About this exercise
Repeat precisely the span of lines below that opens with the line containing "Gel-Infused Memory Foam Mattress Topper" and closes with the line containing "MOUG17: How to", both included.

Records provided
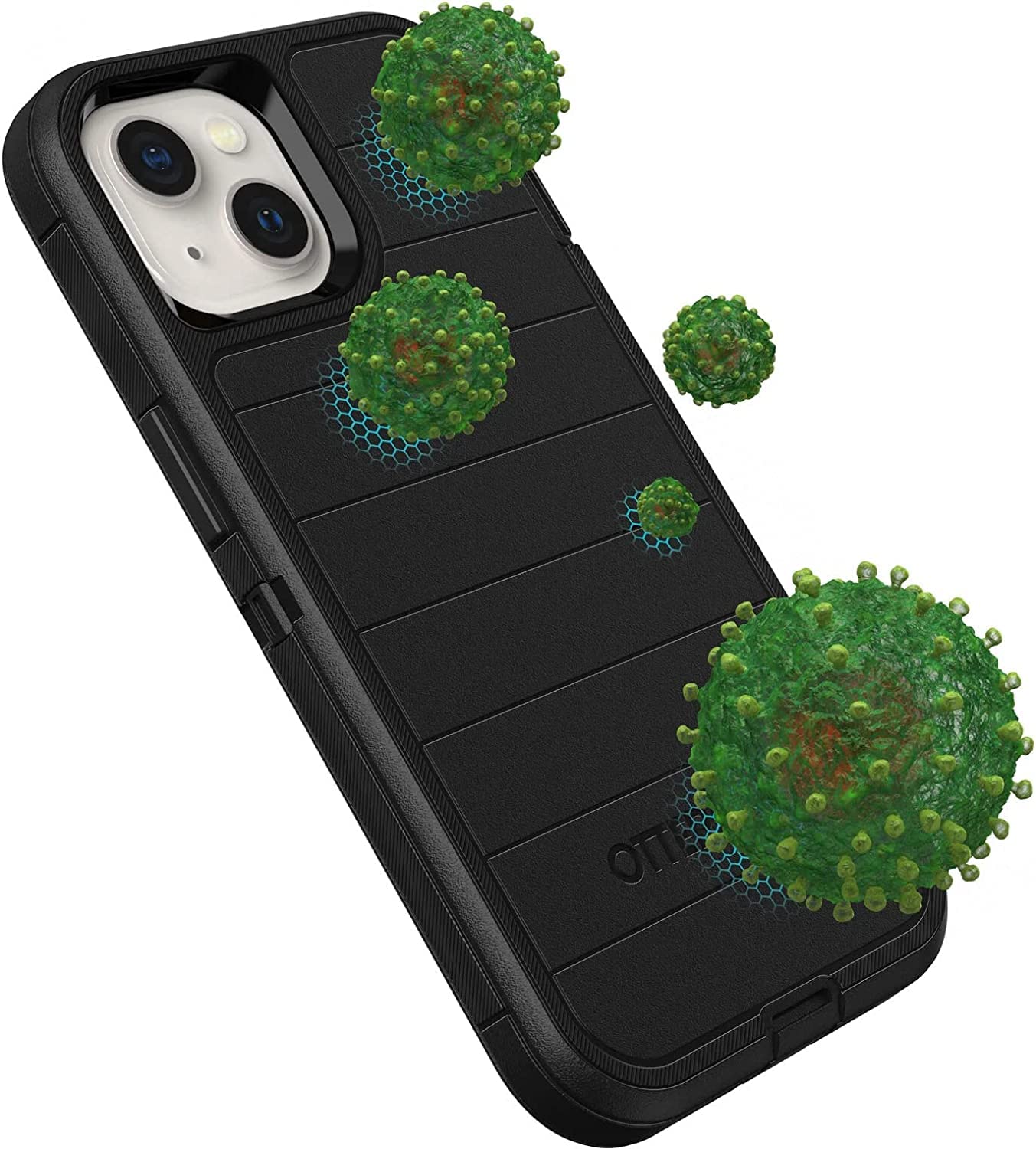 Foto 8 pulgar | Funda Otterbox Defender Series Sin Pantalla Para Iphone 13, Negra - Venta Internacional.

---

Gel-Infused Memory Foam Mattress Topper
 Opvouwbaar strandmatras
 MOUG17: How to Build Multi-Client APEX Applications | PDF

Answer for this exercise
Gel-Infused Memory Foam Mattress Topper
 Opvouwbaar strandmatras
 MOUG17: How to Build Multi-Client APEX Applications | PDF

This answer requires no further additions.